Californians may need to pay 60% more for bacon.

Only four percent of US hog producers say they can comply with an animal welfare law to be enforced by California in 2022 that requires more space for breeding pigs, potentially cutting off the state's pork supply.

If California loses half of its pork supply, bacon prices will surge 60 percent, according to consulting firm Hatamiya Group.

With time running out to build new facilities, inseminate sows, and process the offspring by January, US pork producers cannot be expected to adequately supply California, which consumes around 15 percent of the pork produced in the US.

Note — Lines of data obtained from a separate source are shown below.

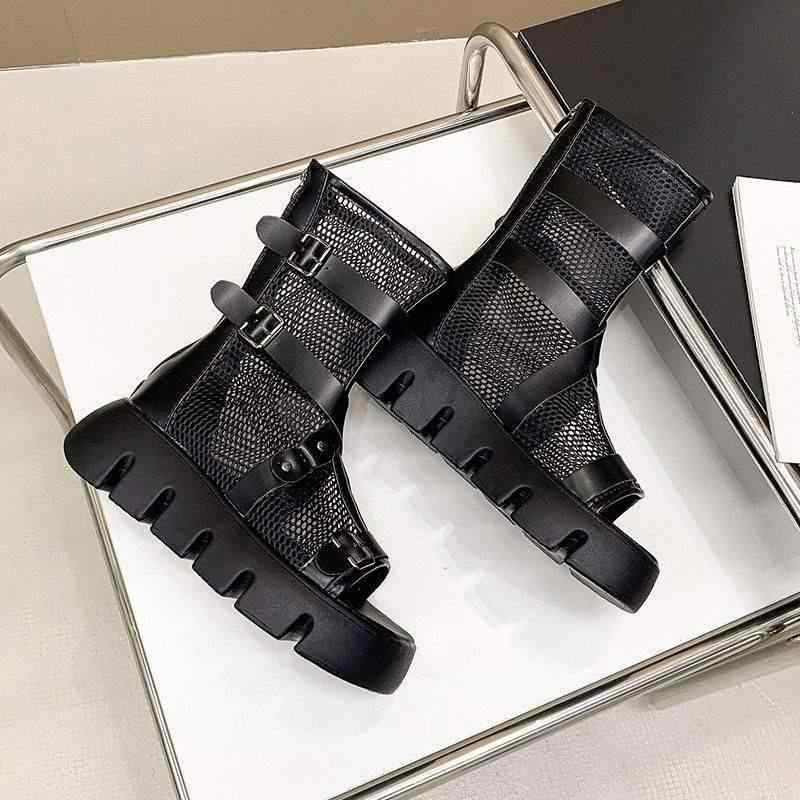 ・カテゴリ: 一字帯サンダル・カラー展開: ブラック・サイズ展開: 35、36、37、38、39、40・スタイル: エレガント・靴底素材: ゴム・ライニング素材: メッシュ・履き方: スリッポン・ヒールの高さ: ローヒール（3cm以下）・ヒールの形: ウェッジソール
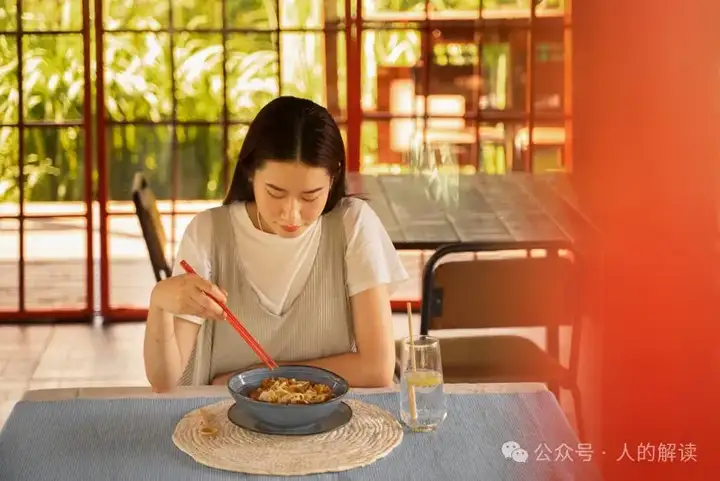 正念饮食，吃的心念比吃什么更重要-人的解读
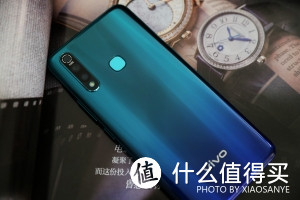 vivo Z5x，可以爽玩一整天的千元水桶机！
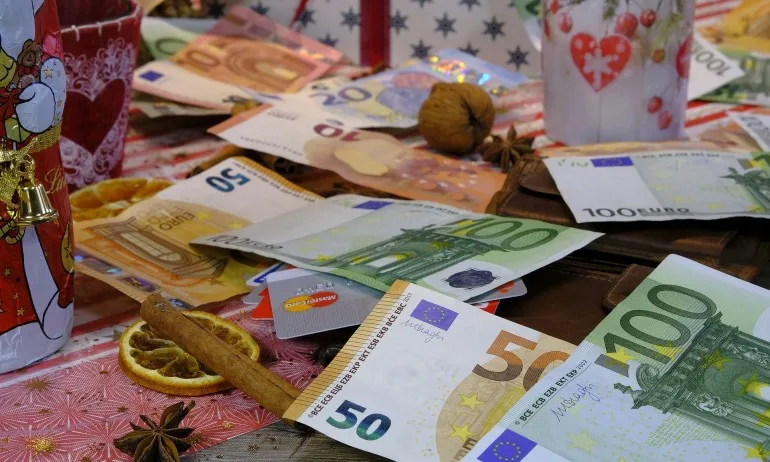 Да, има такава фирма: Американец получи 270 000 долара коледен бонус - Tribune.bg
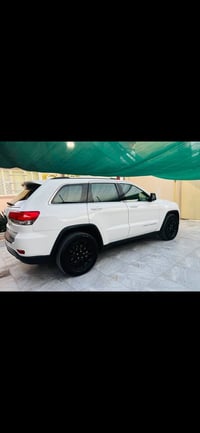 جراند شيروكي • ٢٠١٤ • فتحة سقف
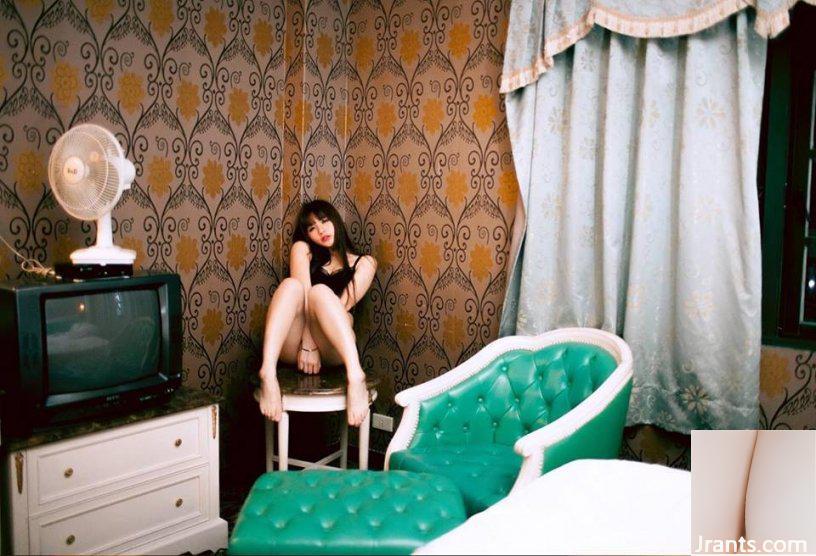 Madou nóng bỏng và quyến rũ ~ Kumi Xixi ~ quỳ trên ghế đeo dương vật nhỏ, cặp mông đầy đặn thật quyến rũ (32P) - Ảnh 12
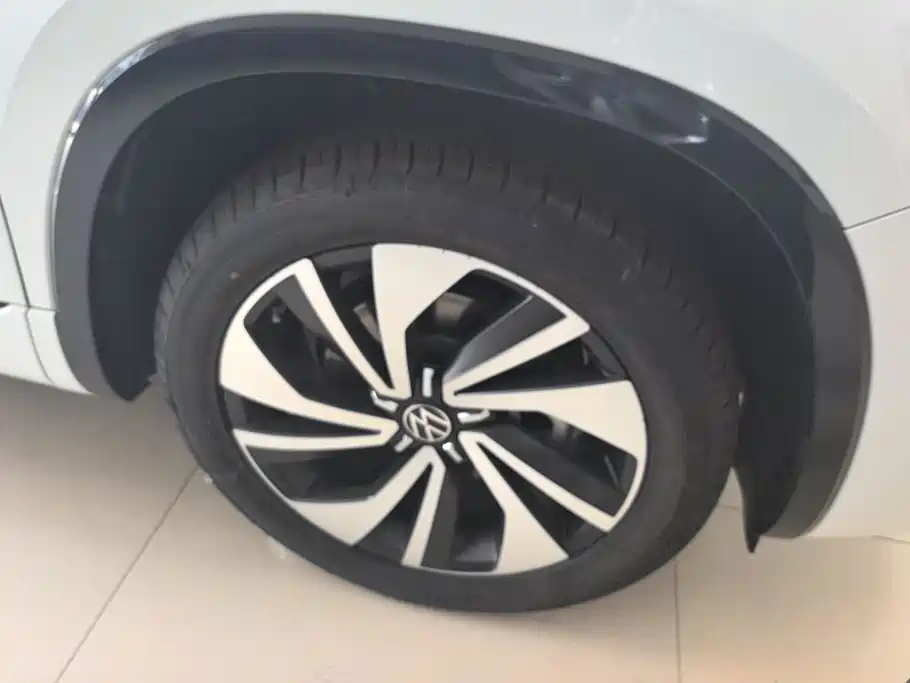 Volkswagen TayronX X 2023 330TSI Luxury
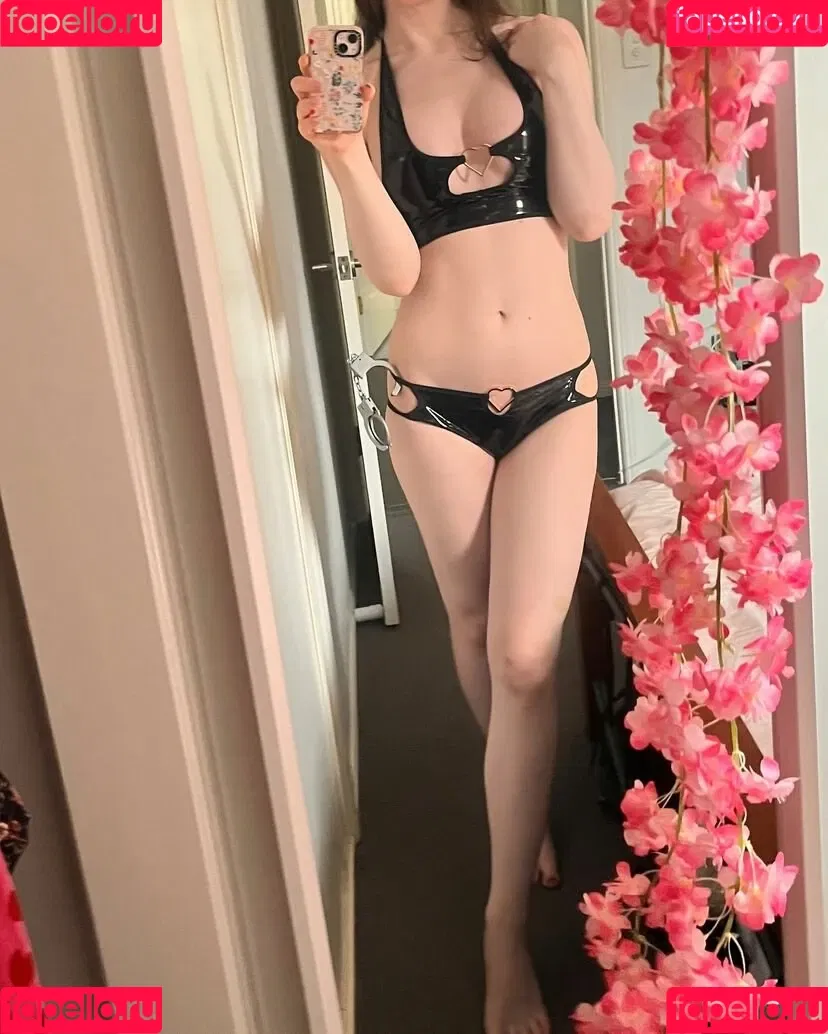 Rose Hathaway Onlyfans Photo Gallery 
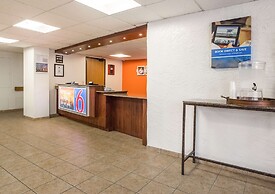 Motel 6 Prospect Heights, IL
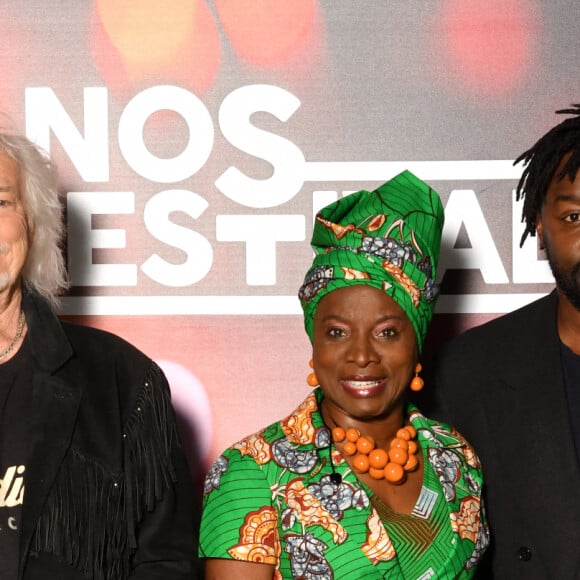 Exclusif - Hugues Aufray, Angélique Kidjo et Sly Johnson durant le photocall du deuxième jour des répétitions de l'émission de télévision "Nice Jazz Festival" au Théâtre de Verdure à Nice le 25 juillet 2020. © Bruno Bebert / Bestimage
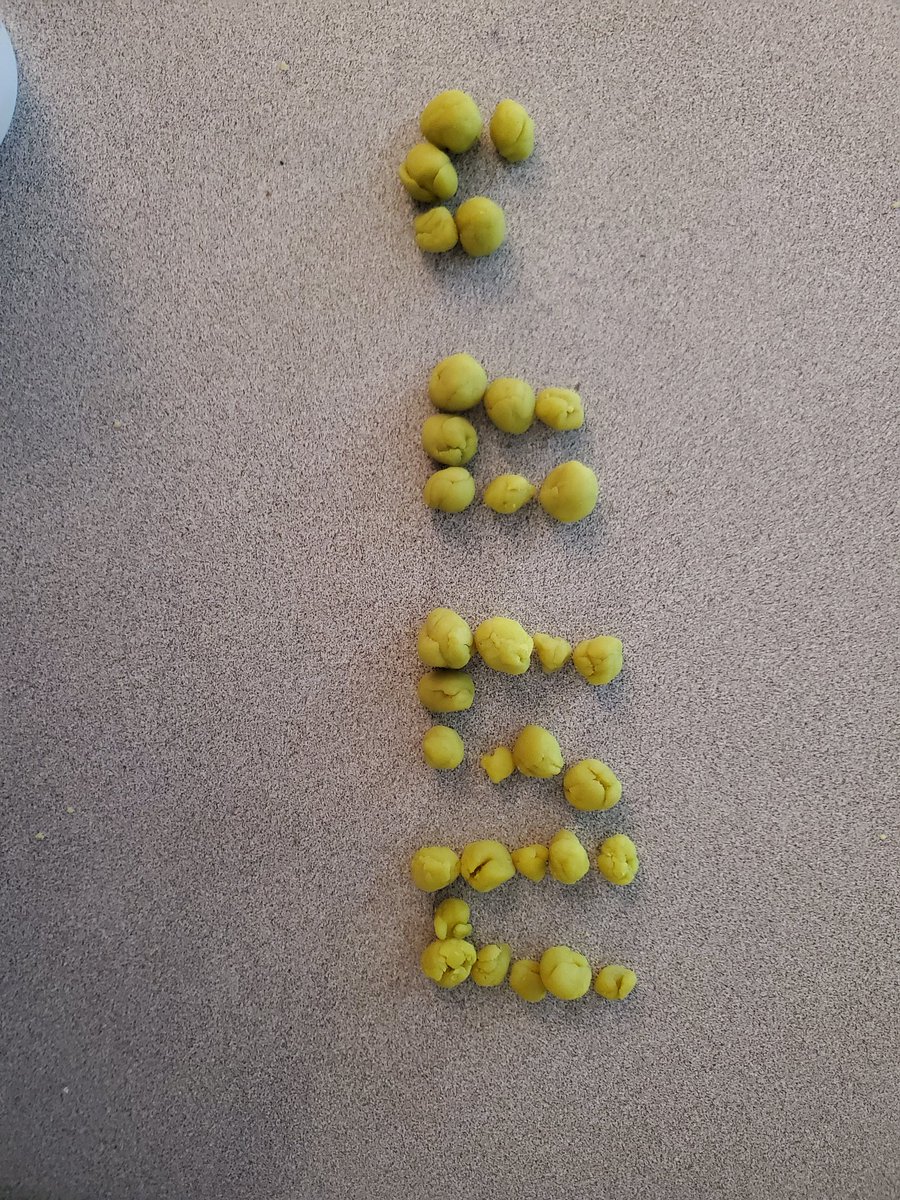 MrsCaldsClass's tweet photo. Making increasing patterns with play dough! #grade2isahoot #ENDHuskies https://t.co/qpPiTfJicv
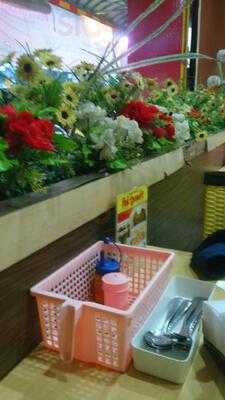 Rm Ayam Penyet Pak Tjomot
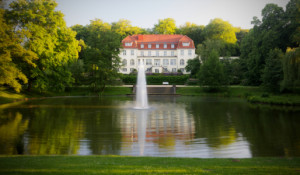 Wunschbild als Aufkleber - Theater Mülheim oder mit Eigenem Foto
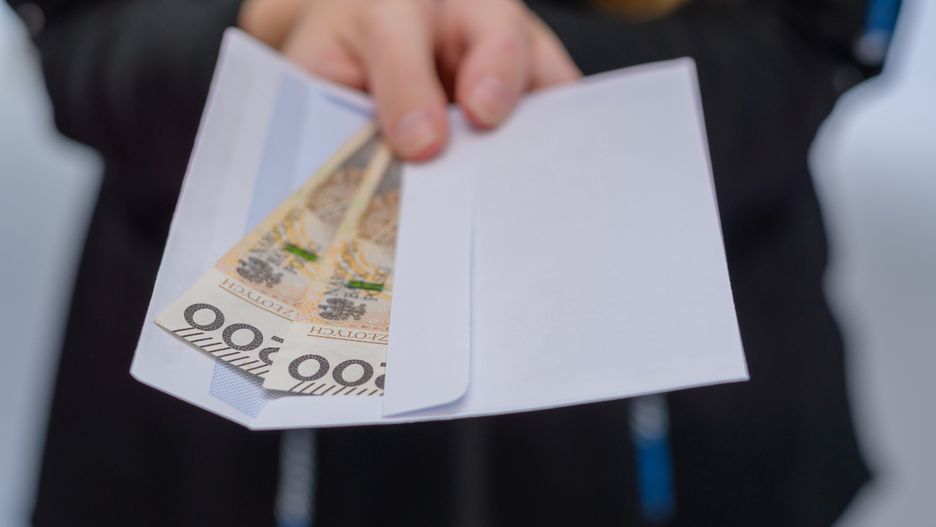 Internauci wskazują, ile dać do koperty na chrzest i komunię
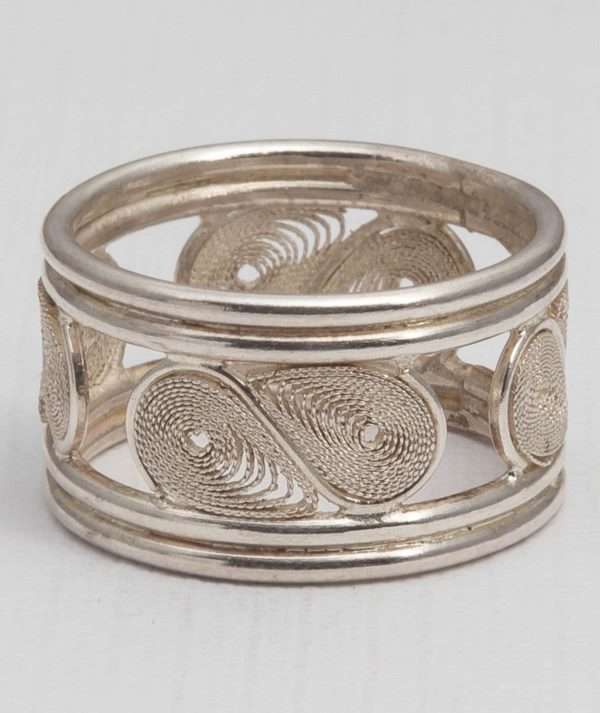 Filigree Band Ring made by ARTEMANOS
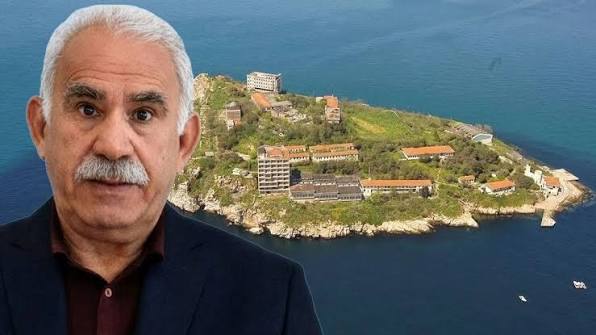 Abdullah Öcalan'dan yeni mesaj: Yasal düzenleme çağrısı Abdullah Öcalan'dan yeni mesaj... Yasal düzenleme çağrısı...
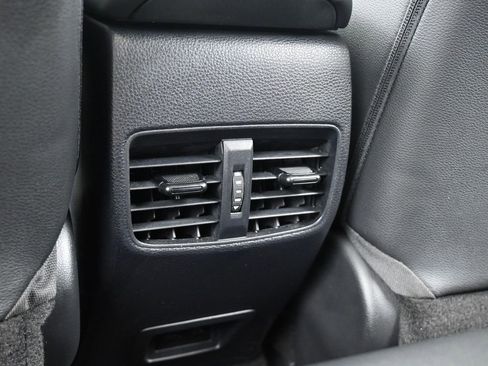 Used 2022 Toyota Corolla Cross XLE image 35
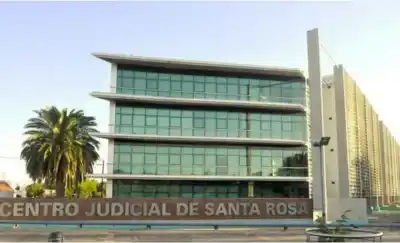 Cerró la puerta de la oficina, la tomó del cuello y ahora la Justicia tomó una decisión que él no esperaba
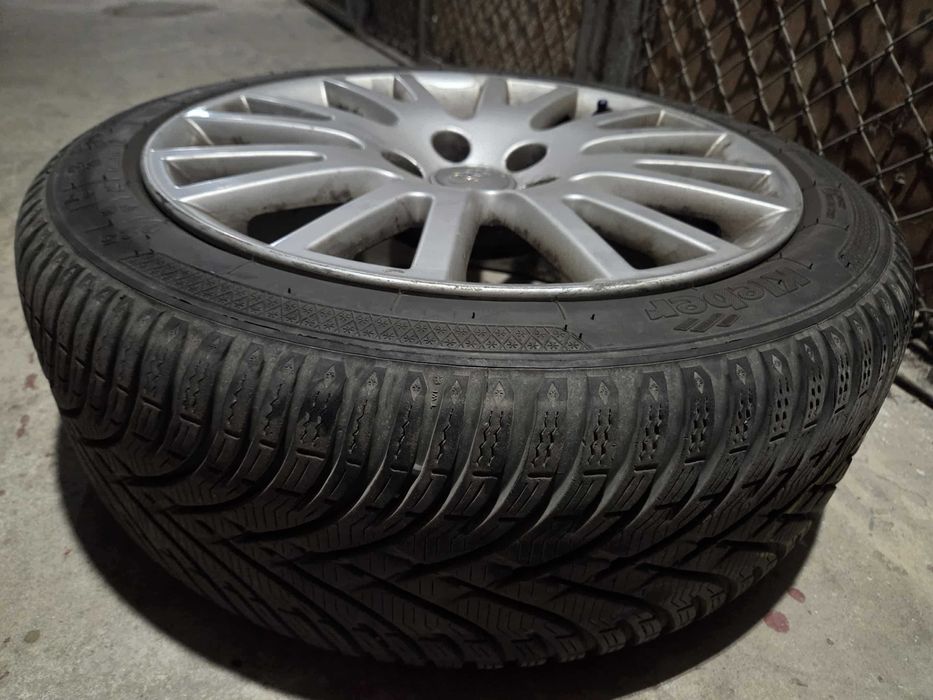 Alufelgi aluminiowe 4szt. z oponą zimową R17 AUDI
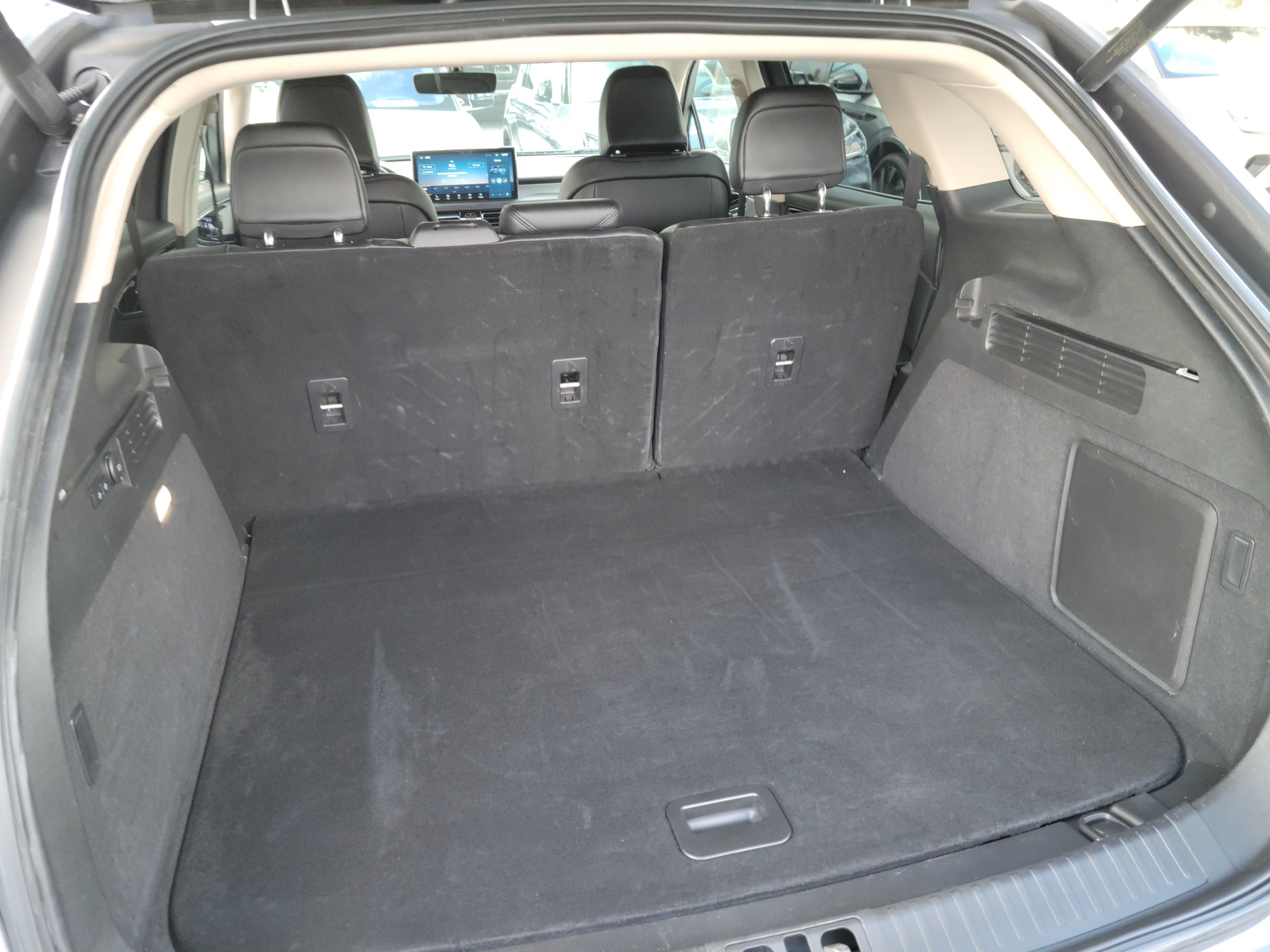 Certified 2023 Lincoln Nautilus AWD w/ Premium Package image 6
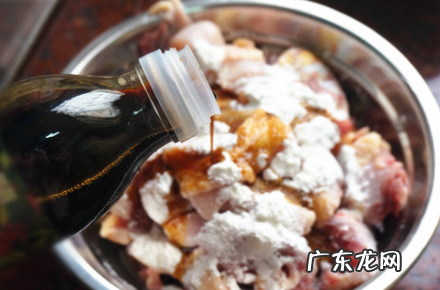 味极鲜可以炒菜,炒菜味极鲜酱油是早放锅好还是晚放好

California produces only 45 million pounds of pork per month, but the state's restaurants and groceries use about 255 million pounds.

The law, overwhelmingly approved by voters in 2018, also applies to egg-laying chickens, and veal calves, but producers of these commodities are optimistic they can meet the new standards.

Much of California's pork supply comes from Iowa, whose pork producers will face higher costs due to the proposition.

Dwight Mogler, a farmer in Iowa, which raises about one-third of the nation's hogs, estimates the changes would cost him $3 million.

To cover the additional expense, Mogler said he needs to earn $20 more per pig. But processors are offering far less.

North Carolina State University economist Barry Goodwin estimated that a farm with 1,000 breeding pigs would have to spend an extra 15 percent per animal.

The pork industry has filed lawsuits, but courts have so far supported the California law.